Daniel Desroches, PhD. Environnementaliste et fondateur des Amis du Boisé Neilson

Je ne suis pas jardinier ni horticulteur de profession, mais j’aime les plantes. J’aime ces êtres qui «incarnent le lien le plus étroit et le plus élémentaire que la vie puisse établir avec le monde», selon la formule d’Emanuele Coccia. En amateur, je pratique la botanique et consacre mes soins à un modeste aménagement végétal qui héberge surtout des plantes sauvages. Peut-être que l’état de santé de Larry Hodgson m’interpelle, mais je dois dire que je ne connais pas personnellement le Jardinier paresseux. Si j’ai consulté plusieurs textes qui m’ont été utiles, c’est pourtant ailleurs que je vois la contribution véritable des amis des plantes dont il est l’inspiration et le modèle.

En effet, j’estime que le jardinier est un être profondément moral. Parce qu’il embellit l’espace qui l’entoure et rend son milieu de vie plus attachant, il vaut la peine qu’on parle de lui. Les jardiniers et les jardinières aiment les plantes, parce qu’ils aiment la vie, une vie végétale qui n’a pourtant rien à faire de la nôtre! Si notre jardinier cultive un potager, c’est pour nourrir des proches sainement et éviter que son panier d’épicerie ne contienne des légumes cirés venus de très loin. S’il cultive sur son toit, le jardinier urbain réduit d’autant l’albédo et lutte à sa façon contre les îlots de chaleur qui font suffoquer les villes.

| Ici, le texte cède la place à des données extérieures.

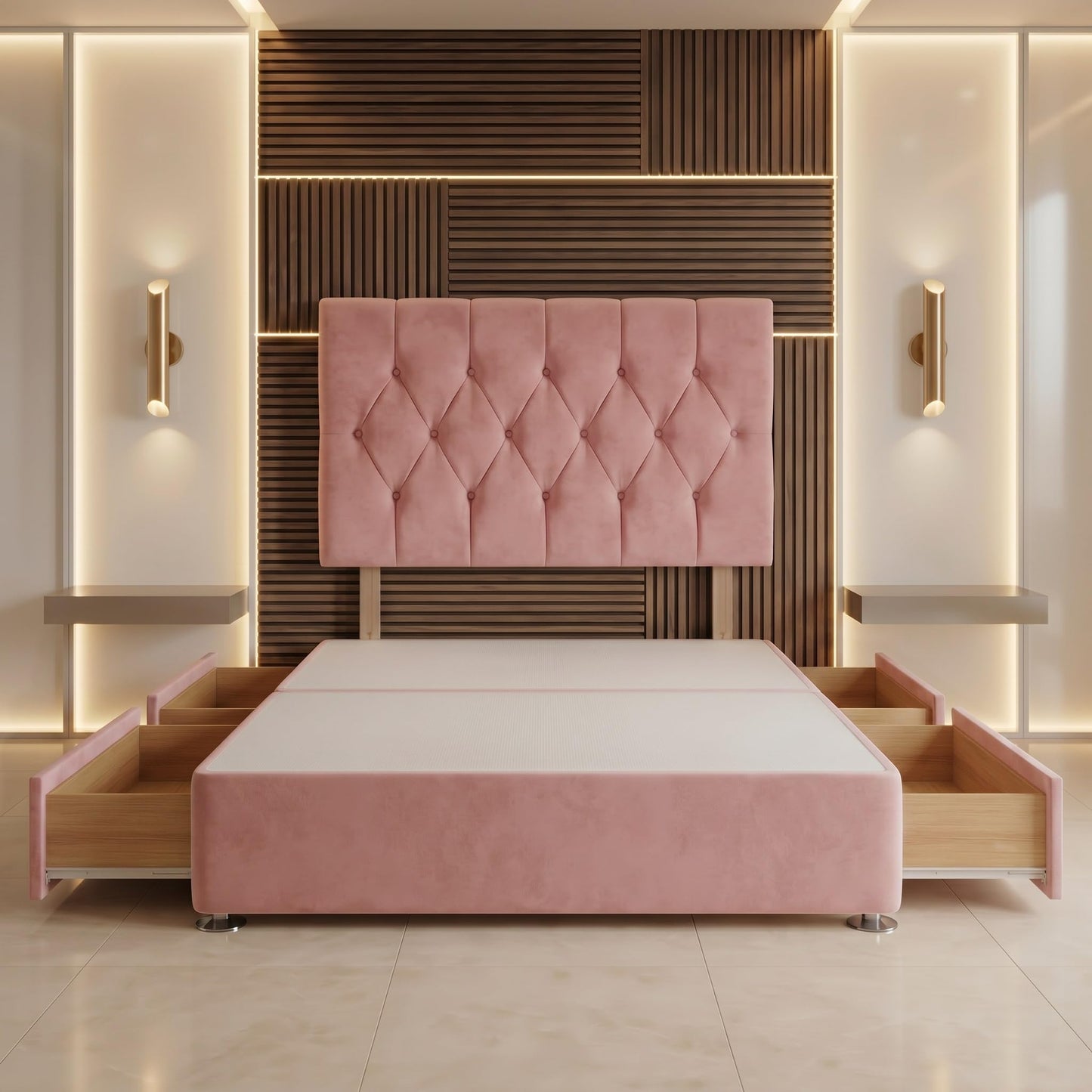 Bed Centre Ziggy Plush Single Divan Base 30" Headboard, Pink, 0 Draw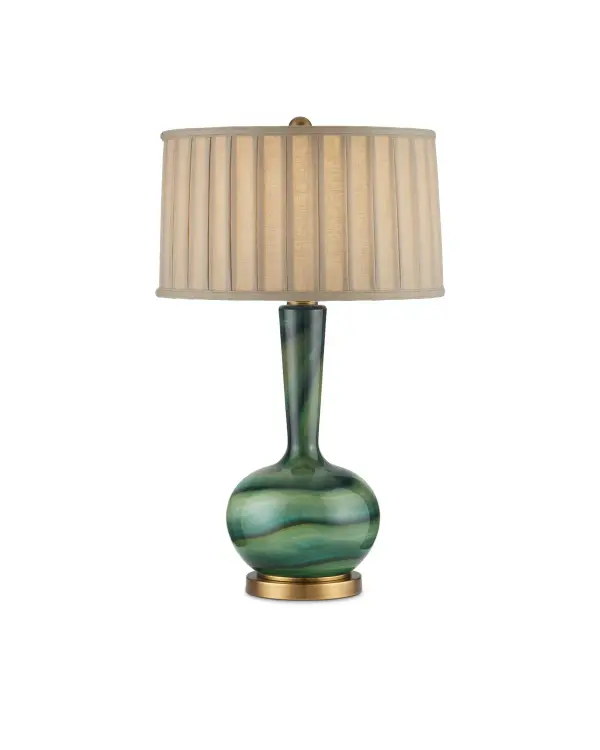 A striking table lamp featuring hand-crafted glass with organic swirling patterns in varying shades of green. The antique brass accents and box-pleated shade create a sophisticated mid-century aesthetic with artisanal character.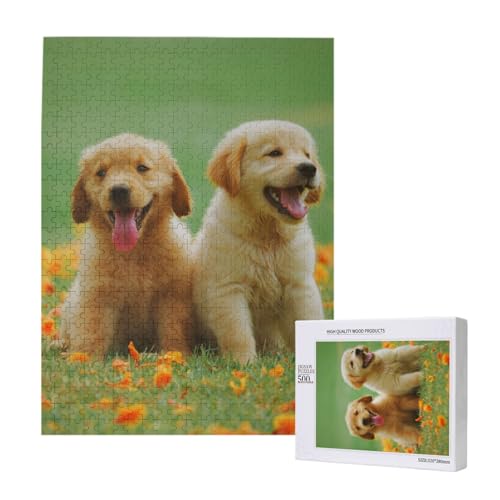 500 Pieces Jigsaw Puzzles Wooden Jigsaw Toy Family Game for Adults Teens,Golden Retriever Welpe 500 Pieces Jigsaw Puzzles Wooden Jigsaw Toy Family Game for Adults Teens,Golden Retriever Welpe von Hdhfjks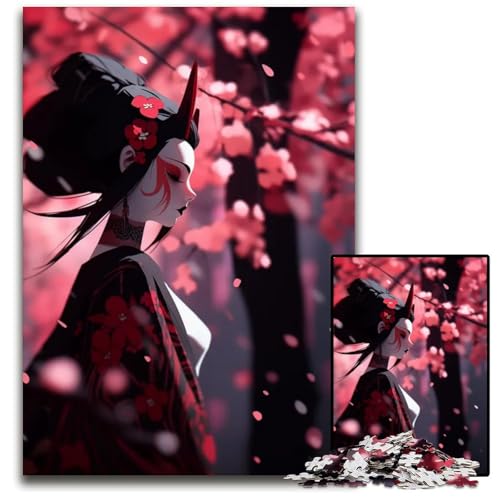 Dämonenmädchen in Kirschblüten 1000teiliges Puzzle Puzzle für Erwachsene farbenfrohe Heimdekoration interaktives Familienspiel 1000 Teile (75 x 50 cm) von CXUOSADIP
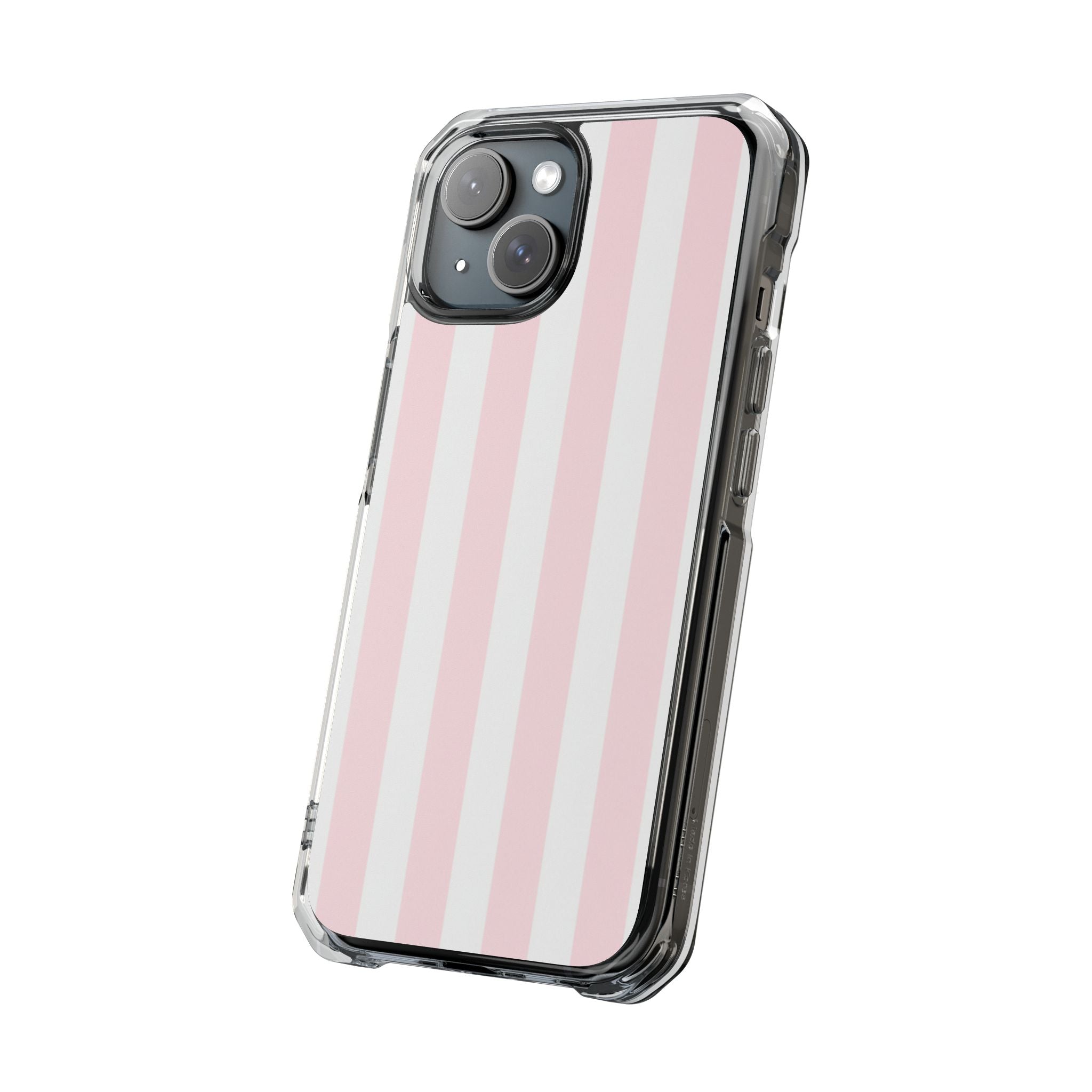Pink Pinstripe minimal clear magsafe case design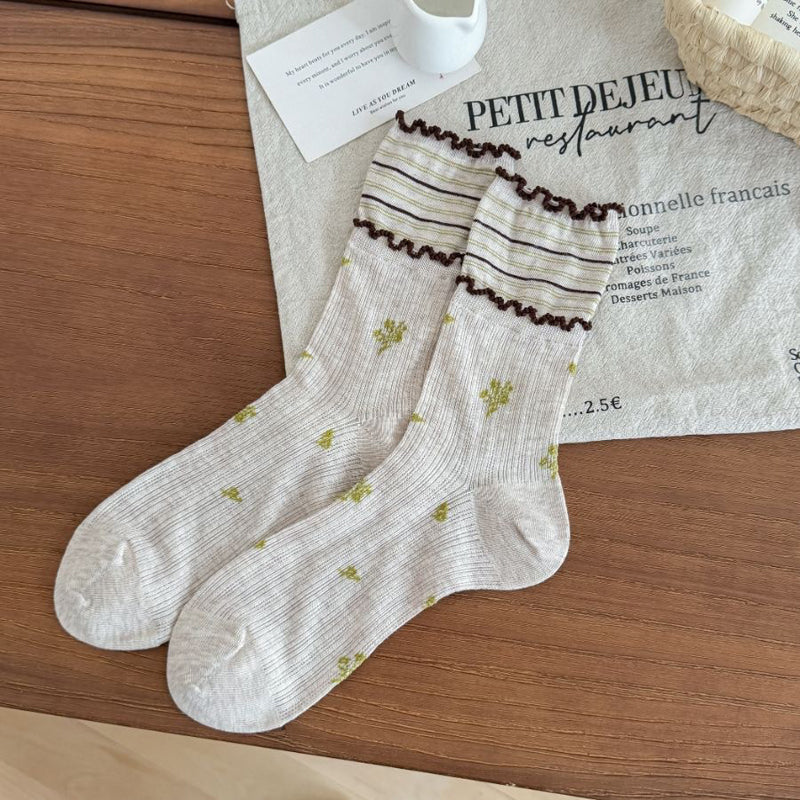 Lässige Socken Mit Blumenmuster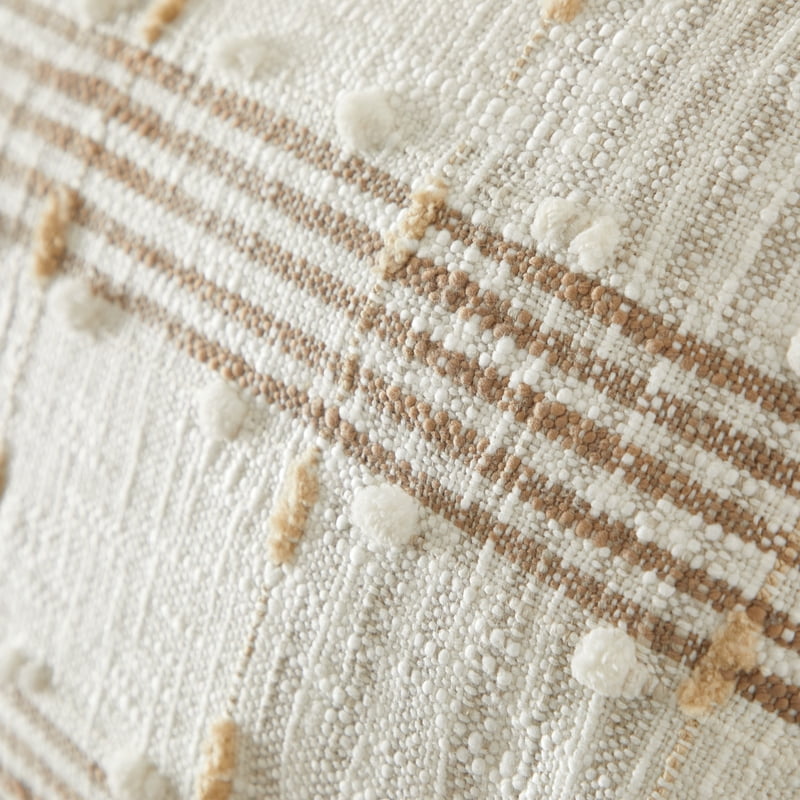Oblong Decorative Pillow 14x24in Beige Plaid Cotton with Poly Fill - 2 Pack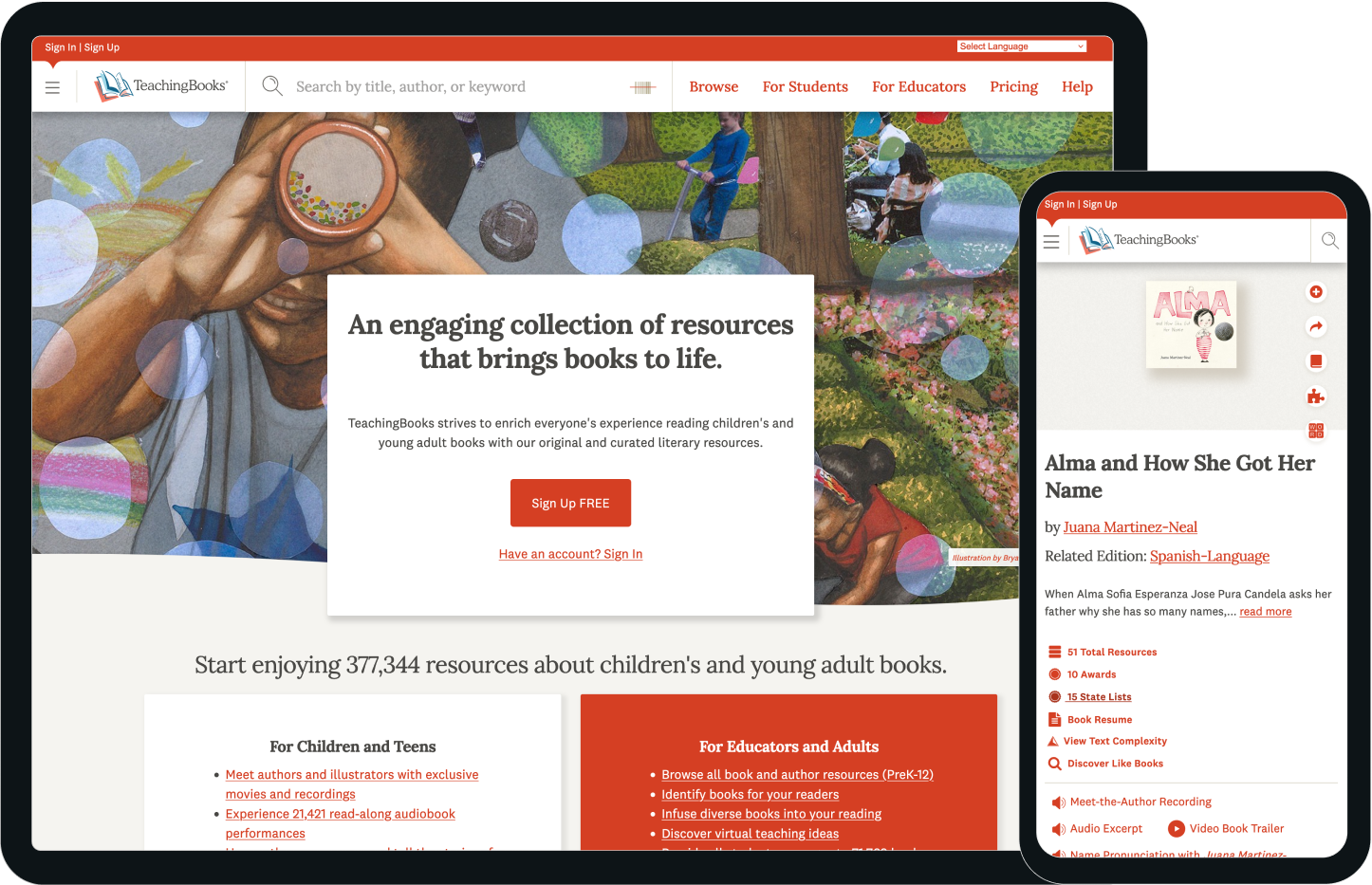 Screenshots of the TeachingBooks website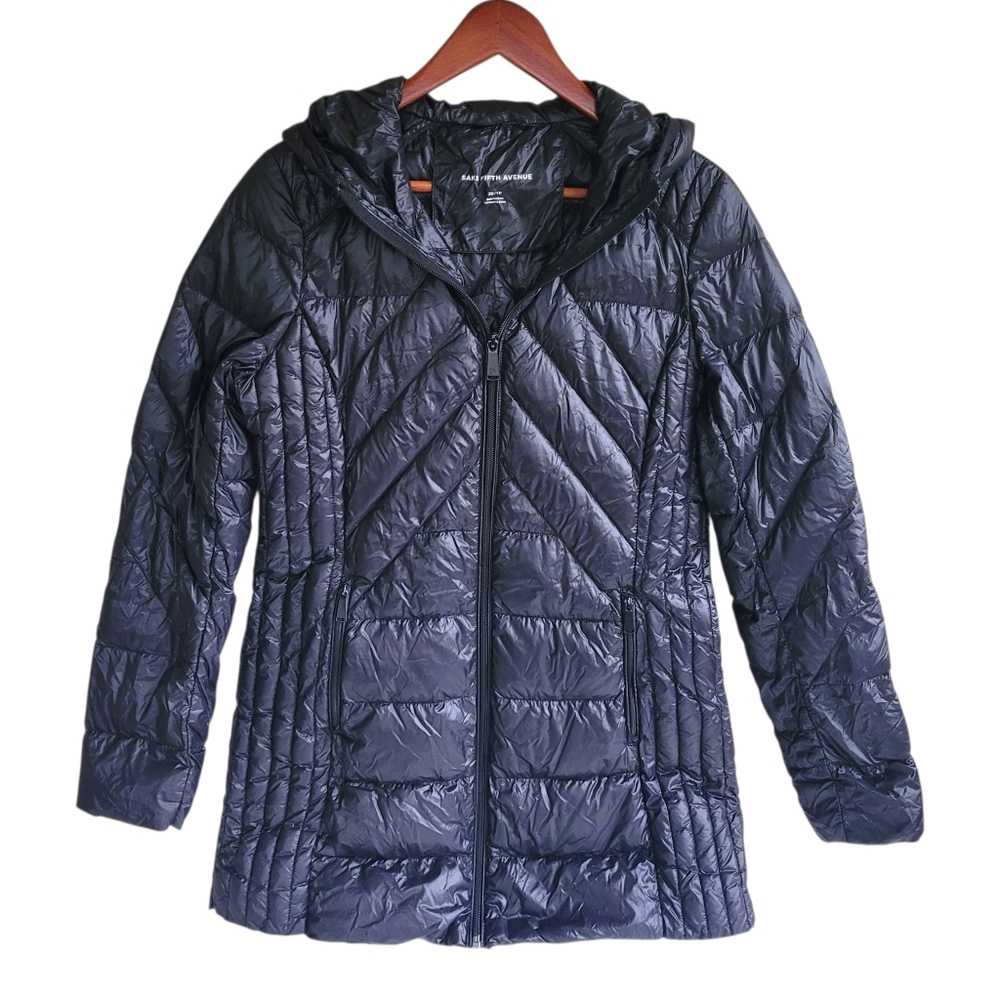 Saks Fifth Avenue 100% Down Long Puffer Hooded Coat Black Womens XS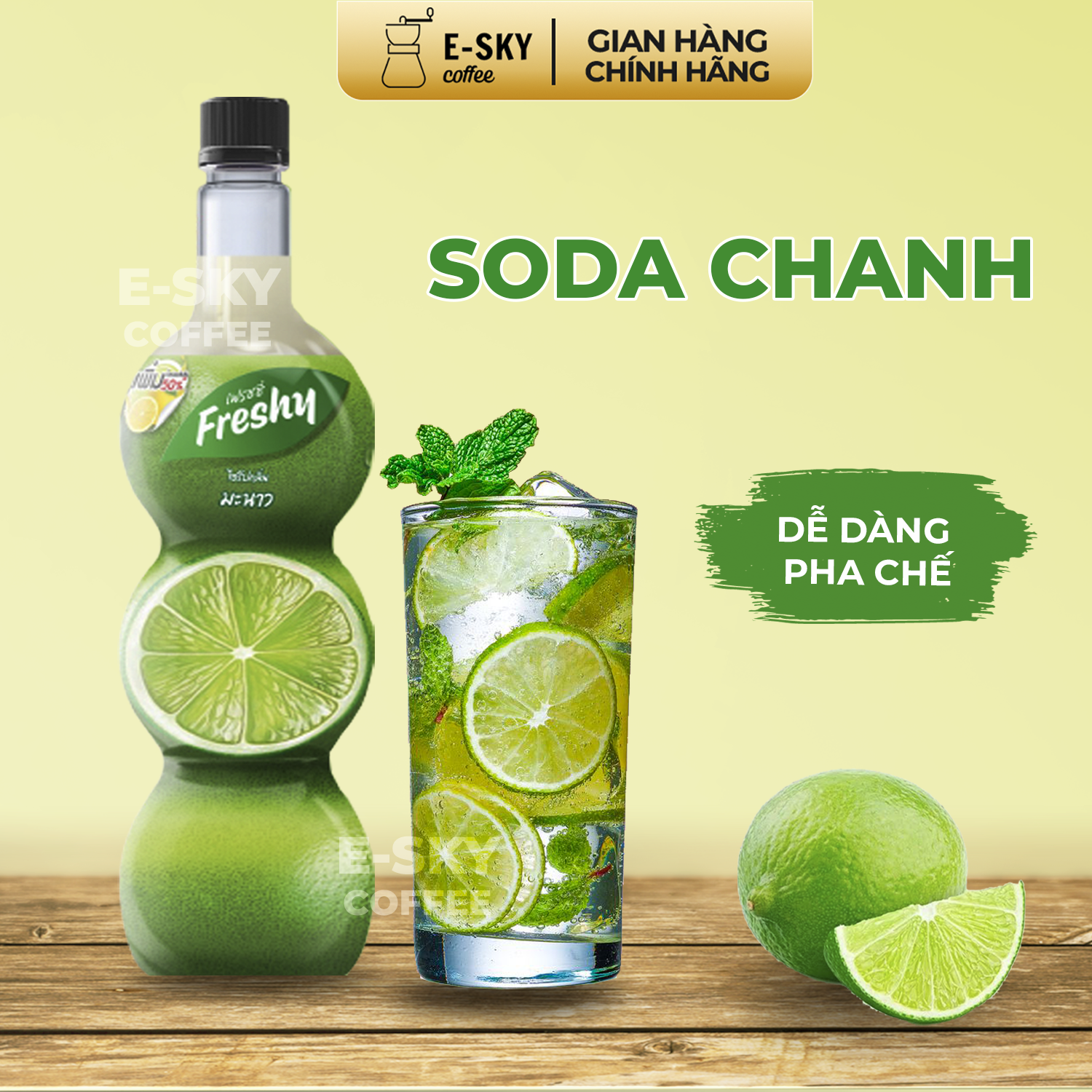 Siro Chanh Freshy Lime Syrup Nguyên Liệu Pha Chế Trà Sữa Chai 710ml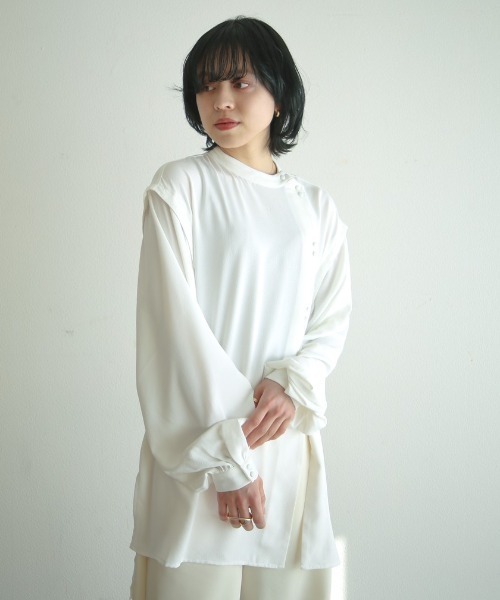 spoon store(スプーンストア)の「レイヤードダブルボタンシャツ(シャツ/ブラウス・レディース・オフホワイト/グリーン・フリー)」の6枚目の写真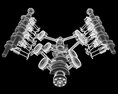 Animated V8 Engine Gasoline Ignition 3D 모델 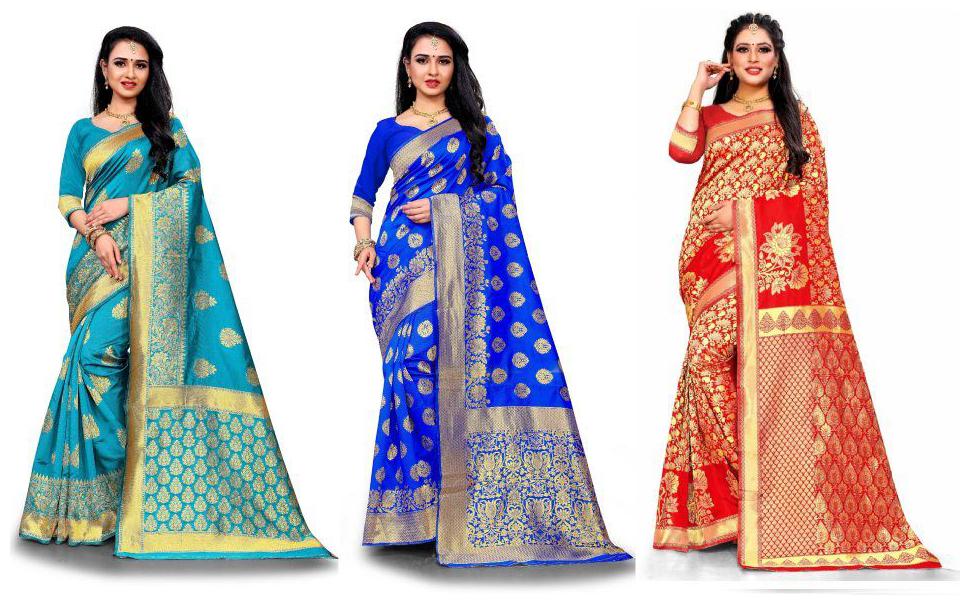

RANGKRUTI Women Jacquard Woven Multi Regular Saree With Blouse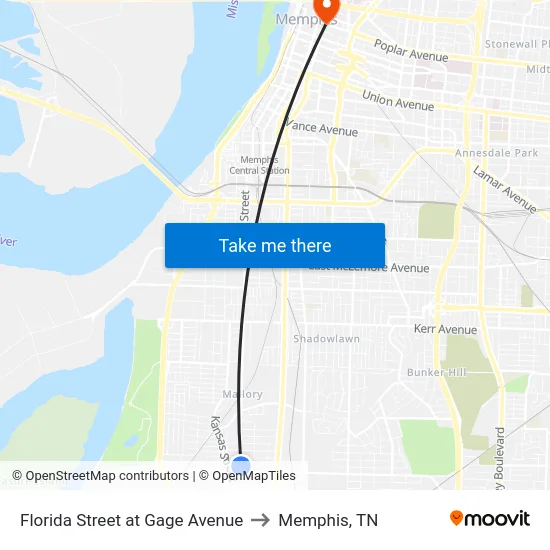 Florida Street at Gage Avenue to Memphis, TN map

Contrairement à celui qui nettoie son entrée au boyau, notre jardinier connaît la valeur de l’eau et sait que l’or bleu doit être économisé.

Mais notre ami des plantes est plus précieux encore : s’il aménage une plate-bande fleurie, il devient alors le meilleur ami des pollinisateurs et de tous ces insectes qui tendent à disparaître. Notre jardinier connaît souvent les espèces par leur petit nom, un nom latin indispensable pour savoir de quoi on parle. À ce propos, il n’ignore rien du rôle d’Asclepias syriaca pour la survie des monarques ni de la contribution de Taraxacum officinale pour nos abeilles.

Par ailleurs, s’il a planté quelques arbres, s’il a des arbustes, des plantes sauvages, des fougères et qu’il respecte ses mousses, son aménagement est devenu un écosystème qui sert d’habitat à une multitude de vivants. Adepte de la permaculture et des vertus du compagnonnage végétal, le jardinier travaille pour des êtres qui ne pourront jamais le remercier. Sans même le savoir, il partage la maxime fondamentale de l’éthique de la terre d’Aldo Leopold (1948) selon laquelle «Une chose est juste lorsqu’elle tend à préserver l’intégrité, la stabilité et la beauté de la communauté biotique. Elle est injuste lorsqu’elle tend à l’inverse.»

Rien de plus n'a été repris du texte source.